---- DATASET ENTRIES

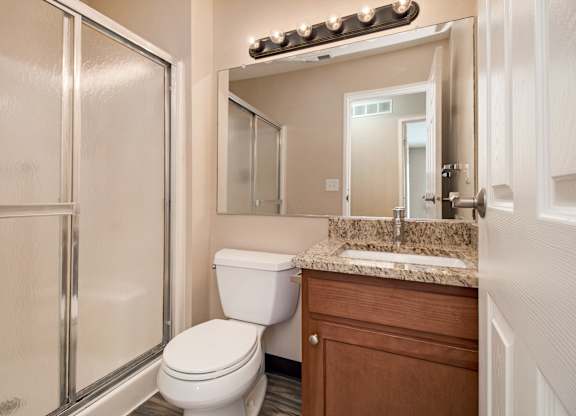 A bathroom with a toilet, sink, and shower.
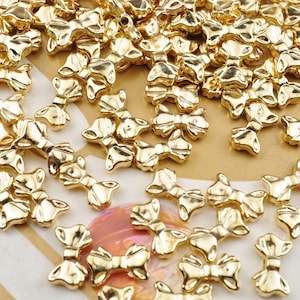May include: A large quantity of gold-colored metal bow charms. The charms are small and delicate, with a slightly raised design. They are perfect for adding a touch of elegance to jewelry, crafts, and other projects.
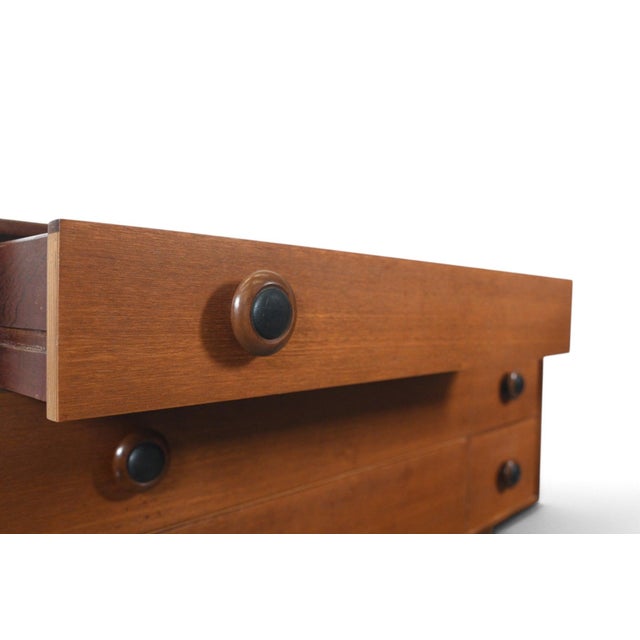 This low six-drawer dresser was made in England during the 1960s. The teak case features leather drawer pulls, adding a...
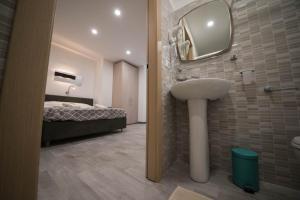 łazienka z umywalką, łóżkiem i lustrem w obiekcie 5 Terre Lodge w mieście La Spezia
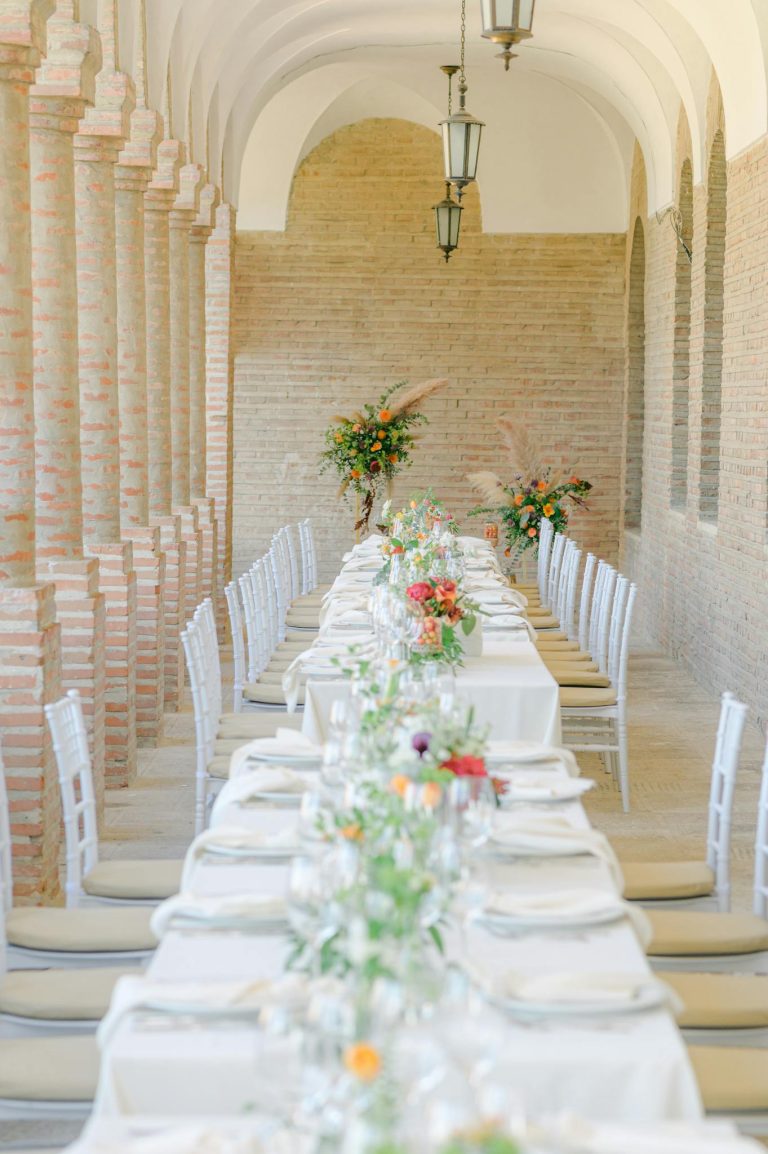 Elegant long table adorned with floral arrangements in a sunlit arched hallway for a wedding or event.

--------

> TASK TO COMPLETE: Repeat every record above exactly, but leave out any pictures.

> OUTPUT FOR THIS TASK:
 A bathroom with a toilet, sink, and shower.
May include: A large quantity of gold-colored metal bow charms. The charms are small and delicate, with a slightly raised design. They are perfect for adding a touch of elegance to jewelry, crafts, and other projects.
 This low six-drawer dresser was made in England during the 1960s. The teak case features leather drawer pulls, adding a...
 łazienka z umywalką, łóżkiem i lustrem w obiekcie 5 Terre Lodge w mieście La Spezia
 Elegant long table adorned with floral arrangements in a sunlit arched hallway for a wedding or event.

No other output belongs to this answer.